Pasal seperti penghinaan terhadap presiden, misalnya, menurut Arteria, masih sangat diperlukan. “Kepala negara dari negara sahabat saja ketika mengalami penghinaan mendapatkan perlindungan, kenapa tidak dengan kepala negara kita sendiri,” katanya.
Demikian pula mengenai pidana mati, menurut Arteria, masih diperlukan. Namun, dalam pengaturannya dijadikan pidana alternatif yang bersifat khusus. “Jadi tetap diatur, tetapi ada masa percobaan selama 10 tahun. Ketika dalam 10 tahun itu ada perubahan sikap, maka bisa diturunkan menjadi hukuman seumur hidup,” katanya.
Pengajar Hukum Pidana Universitas Trisakti Abdul Fickar Hadjar mengatakan, ada sejumlah catatan yang mesti diperhatikan dalam pembahasan RKUHP. Salah satunya ialah mengenai asas legalitas yang dikhawatirkan dilanggar dengan pengaturan living law (hukum adat).
”Hukum adat harus dirumuskan sedemikian rupa sehingga nilai-nilai apa yang dapat dikenakan hukum pidana itu menjadi jelas,” katanya.
Fickar memberikan catatan terhadap pasal penghinaan terhadap presiden, yang seharusnya tidak lagi diatur. Sebab, pasal itu diatur ketika Indonesia masih dijajah Belanda.
Selain itu, Fickar memberikan catatan terhadap pasal penghinaan terhadap presiden, yang seharusnya tidak lagi diatur. Sebab, pasal itu diatur ketika Indonesia masih dijajah Belanda dan Ratu Belanda merupakan kepala negara yang tidak boleh dihina.
”Karena sekarang kita memilih demokrasi, dan setiap lima tahun sekali ganti presiden, pengaturan itu sudah tidak lagi relevan. Sebab, presiden itu lembaga, bukan pribadi,” katanya.
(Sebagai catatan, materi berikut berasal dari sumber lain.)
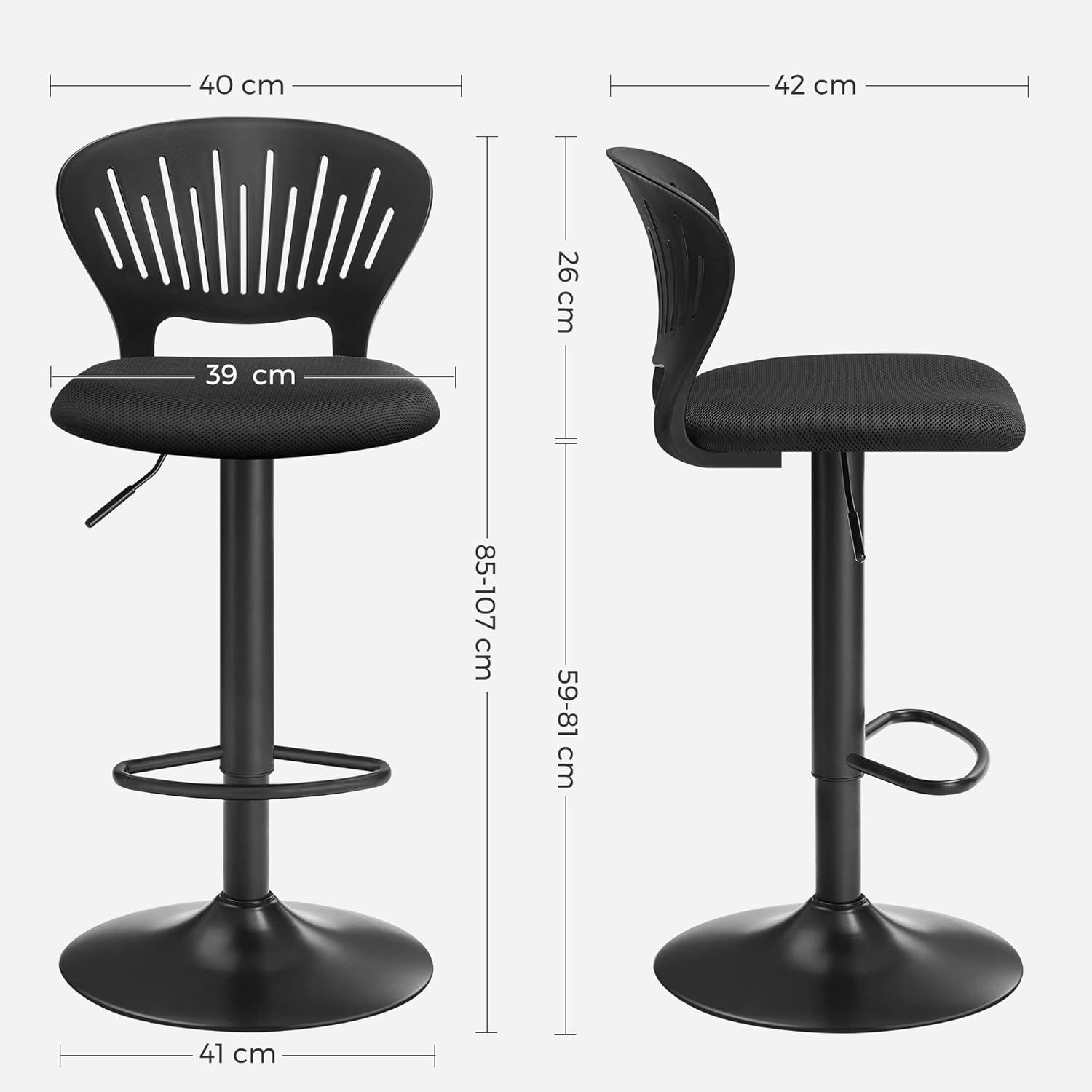 Hokery Songmics Ljb04Bk 107X40X38,5 Cm Czarne 2 Szt.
Fickar juga menyoroti banyaknya pasal yang berujung pada pemenjaraan di dalam RKUHP. Ia mencatat, dari 1.251 ketentuan di dalam RKUHP, sebanyak 1.158 di antaranya memberikan ancaman hukuman penjara. “RKUHP ini masih berorientasi pemenjaraan dan ini harus menjadi perhatian kita bersama,” ucapnya.